Given a lower triangular matrix (100x100) containg cross-correlation values, where entry 'ij' is the correlation value between signal 'i' and 'j' and so a high value means that these two signals belong to the same class of objects, and knowing there are at most four distinct classes in the data set, does someone know of a fast and effective way to classify the data and assign all the signals to the 4 different classes, rather than search and cross check all the entries against each other? The following 7x7 matrix may help illustrate the point:
1 0 0 0 0 0 0
.2 1 0 0 0 0 0
.8 .15 1 0 0 0 0
.9 .17 .8 1 0 0 0
.23 .8 .15 .14 1 0 0
.7 .13 .77 .83. .11 1 0
.1 .21 .19 .11 .17 .16 1
there are three classes in this example:
class 1: rows <1 3 4 6>,
class 2: rows <2 5>,
class 3: rows <7>
This is a good problem for hierarchical clustering. Using complete linkage clustering you will get compact clusters, all you have to do is determine the cutoff distance, at which two clusters should be considered different.

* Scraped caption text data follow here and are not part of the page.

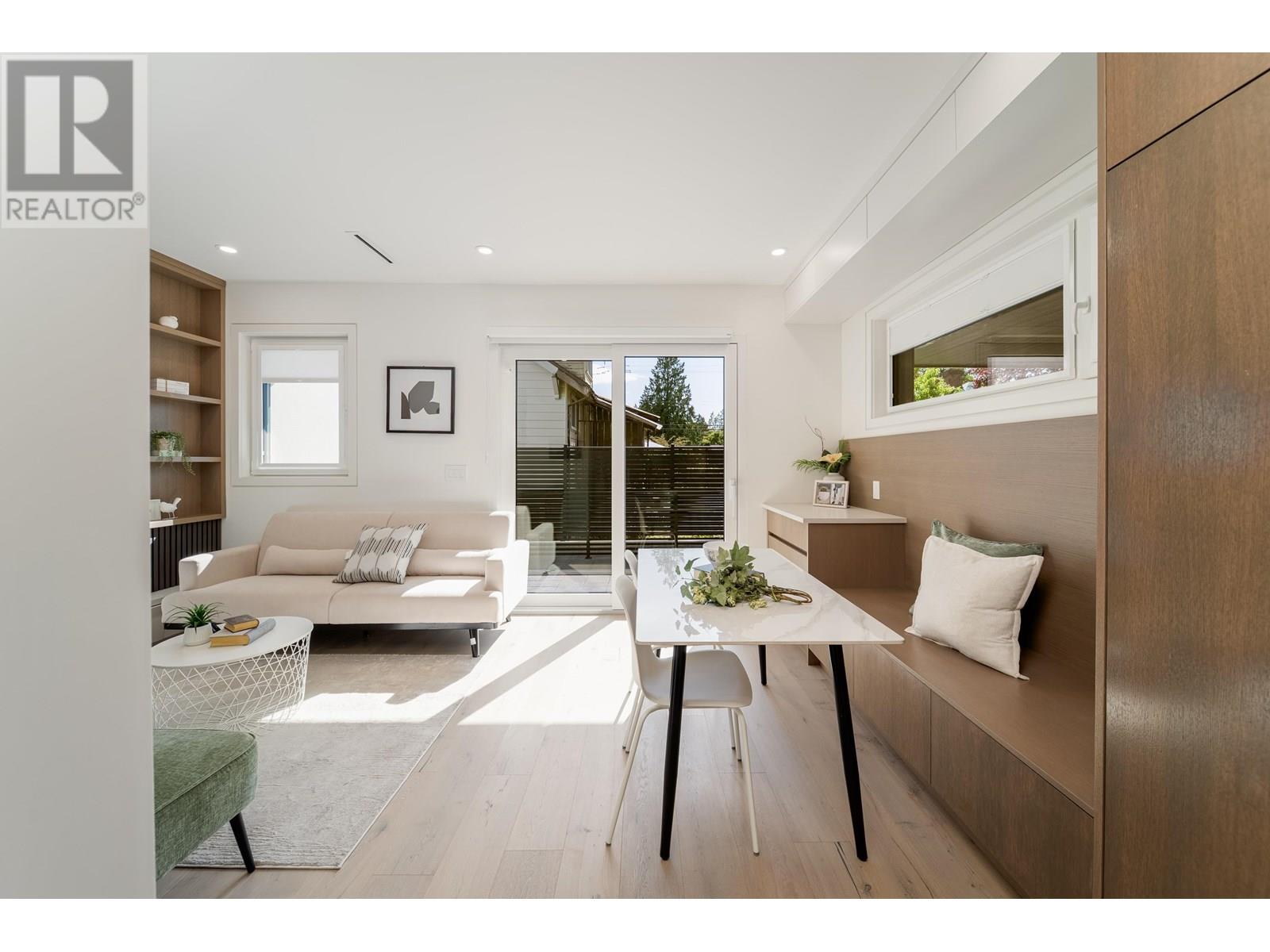 Property at 3 817 ST. ANDREWS STREET image 1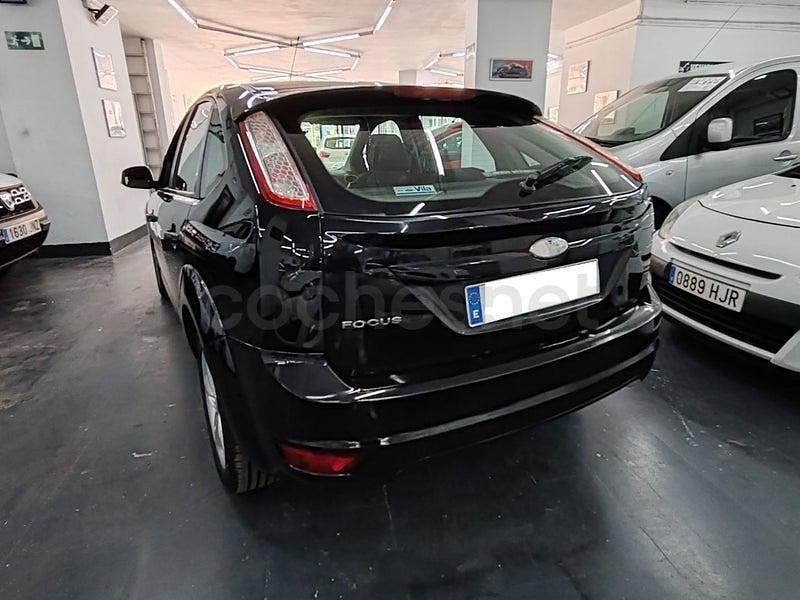Usado Ford Focus Trend 101 CV (74 kW) 2008 Negro Berlina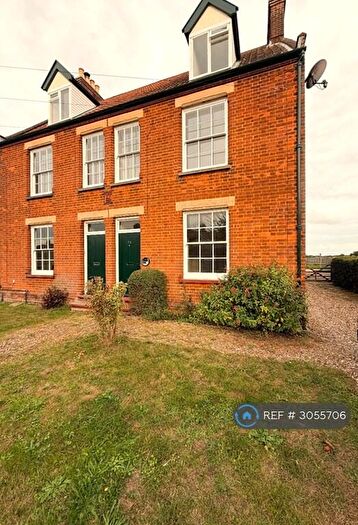 4 Bedroom Semi Detached House To Rent In Southwold Road, Beccles, NR34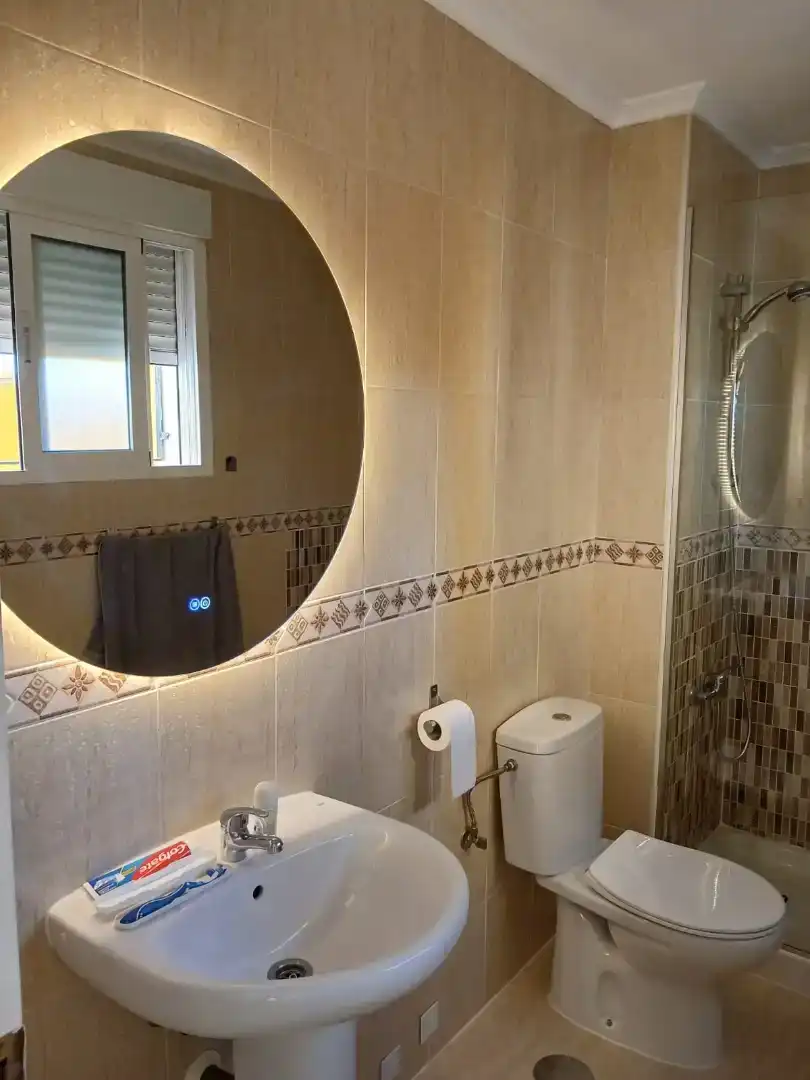 Bathroom of Flat for sale in Daya Nueva  with Oven, Microwave and Balcony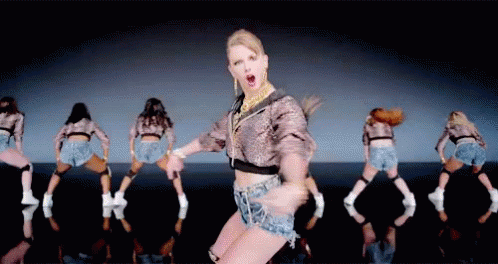 Look At Mah Booty! - Taylor Swift, Shake It Off GIF - Taylorswift -  Discover & Share GIFs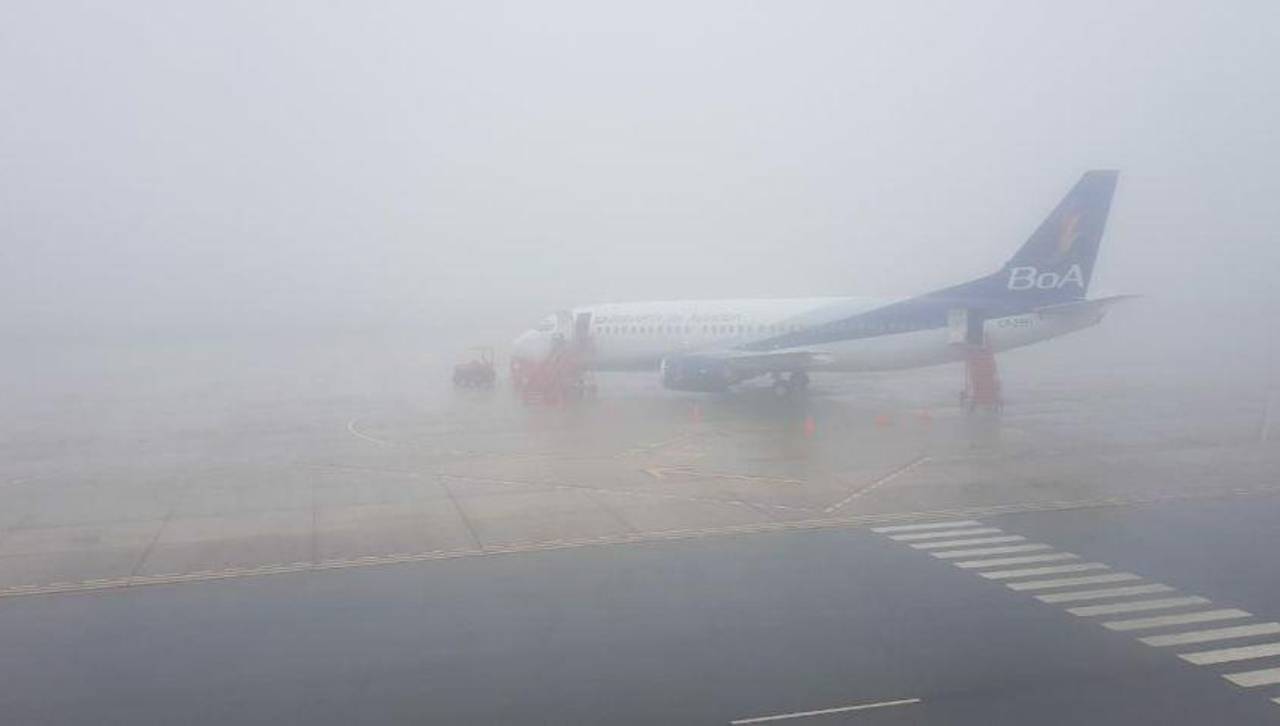 Debido a la niebla, el aeropuerto de El Alto suspendió por casi dos horas el despegue y aterrizaje de aeronaves 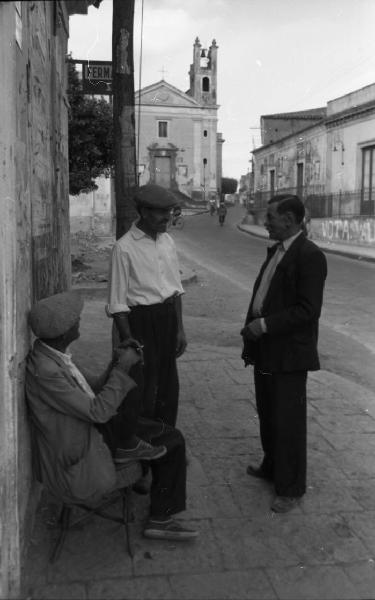 Italia del Sud. Sicilia - centro abitato - uomini in conversazione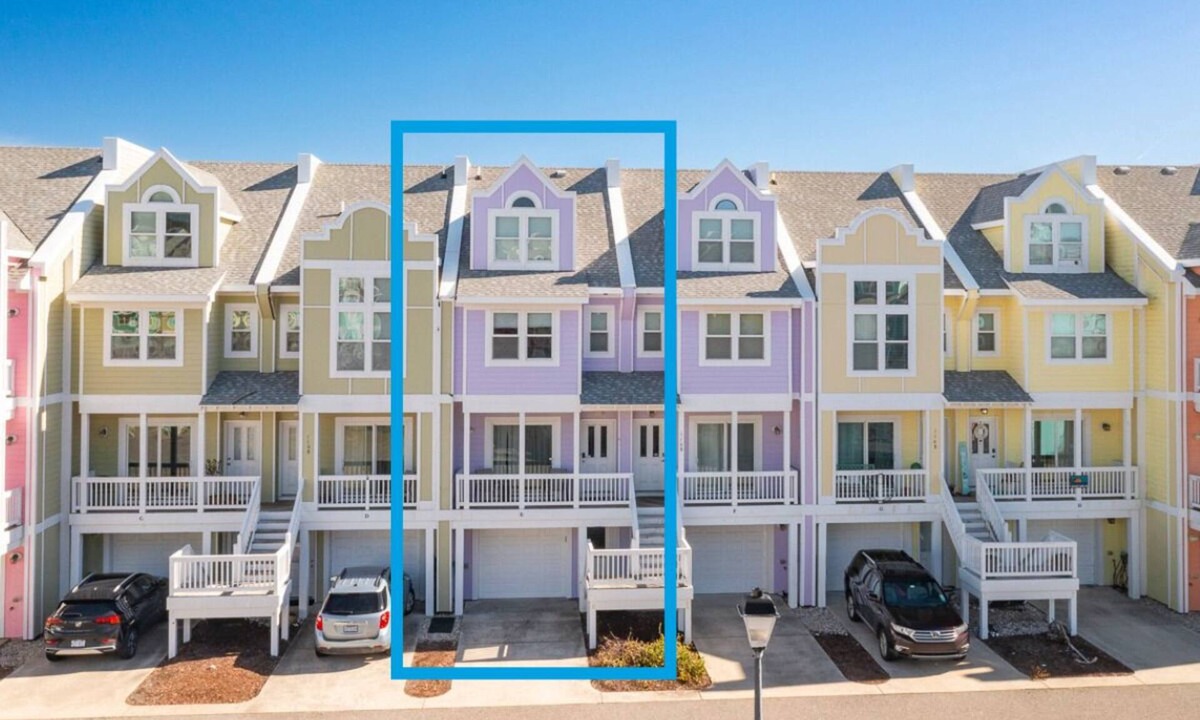 Bermuda Bay House | Centrally located townhome w/a resort-style community pool & gorgeous sunsets!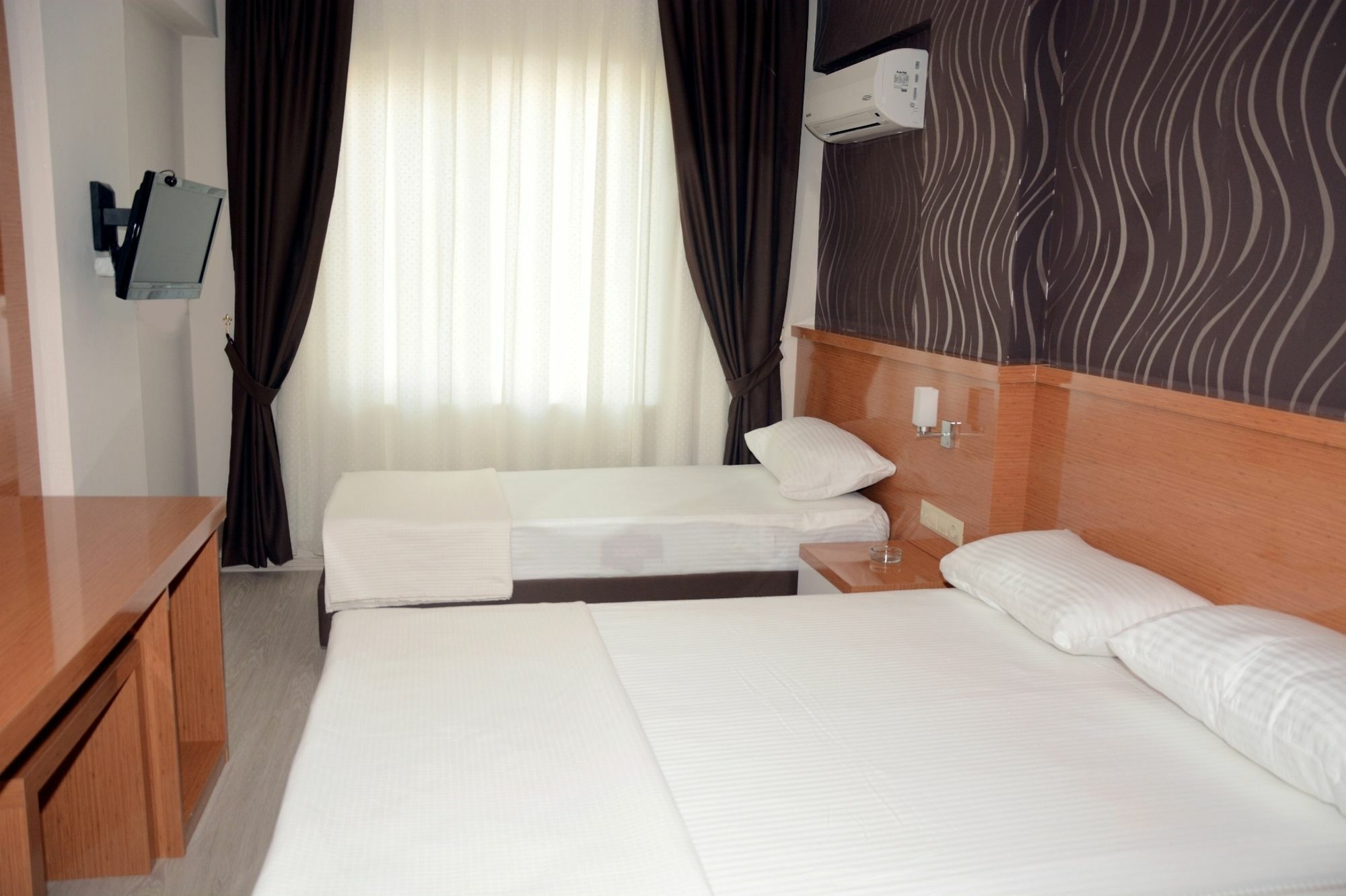 Otel Derin 3*
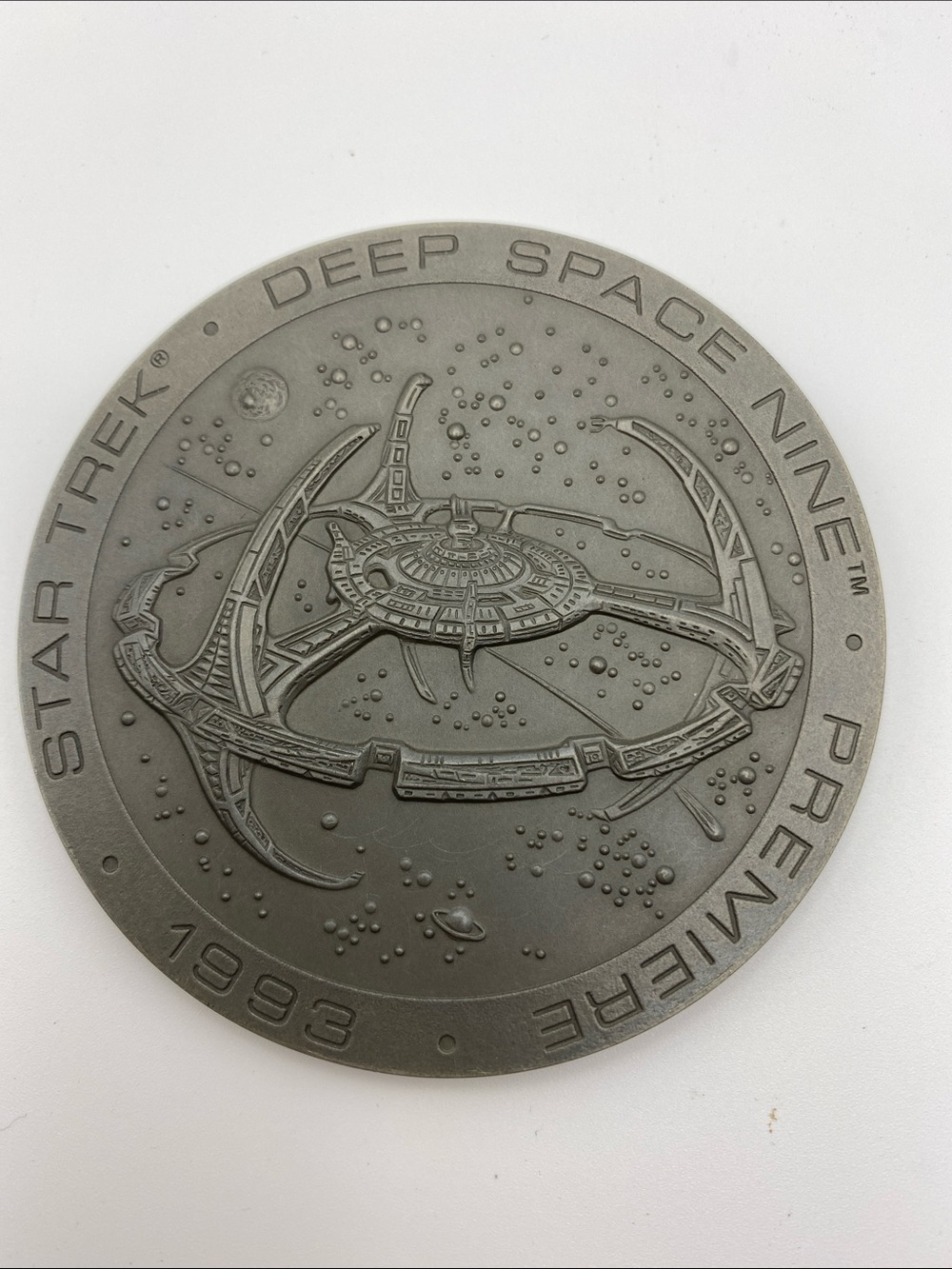 Star Trek Deep Space Nine 1993 Premier Commemorative Plaque - Gray
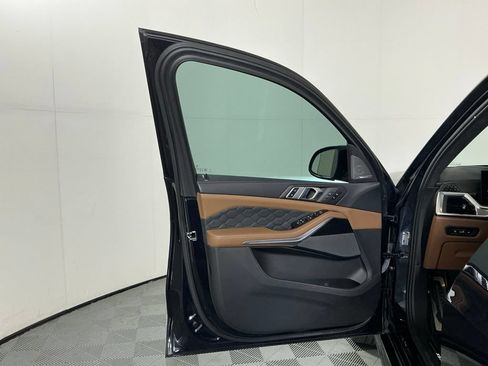 Used 2025 BMW X5 M Competition w/ Executive Package AWD/4WD image 19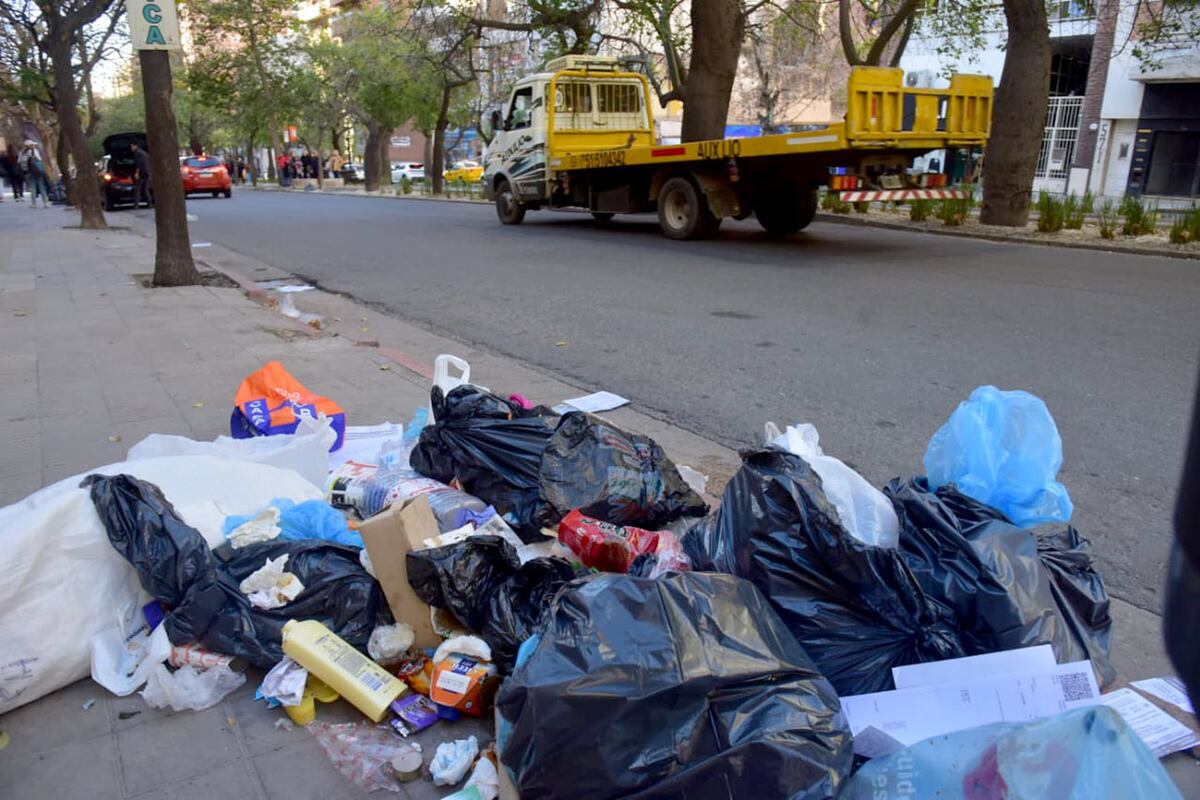 Bulevar Chacabuco. Basura acumulada en las veredas de las calles de Córdoba. (José Gabriel Hernández / La Voz)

First, you need to convert the correlation matrix to a dissimilarity
matrix. Since correlation is between 0 and 1, 1-correlation
will work well - high correlations get a score close to 0, and low correlations get a score close to 1. Assume that the correlations are stored in an array corrMat
%# remove diagonal elements
corrMat = corrMat - eye(size(corrMat));
%# and convert to a vector (as pdist)
dissimilarity = 1 - corrMat(find(corrMat))';
%# decide on a cutoff
%# remember that 0.4 corresponds to corr of 0.6!
cutoff = 0.5;
%# perform complete linkage clustering
Z = linkage(dissimilarity,'complete');
%# group the data into clusters
%# (cutoff is at a correlation of 0.5)
groups = cluster(Z,'cutoff',cutoff,'criterion','distance')
groups =
2
3
2
2
3
2
1
To confirm that everything is great, you can visualize the dendrogram
dendrogram(Z,0,'colorthreshold',cutoff)
You can use the following method instead of creating the dissimilarity matrix.
Z = linkage(corrMat,'complete','correlation')
This allows Matlab to interpret your matrix as correlation distance and then, you can plot the dendrogram as follows:
dendrogram(Z);
One way to verify if your dendrogram is right or not is by checking its maximum height which should correspond to 1-min(corrMat)
. If the minimum value in corrMat is 0 then the maximum height of your tree should be 1. If the minimum value is -1 (negative correlation), the height should be 2.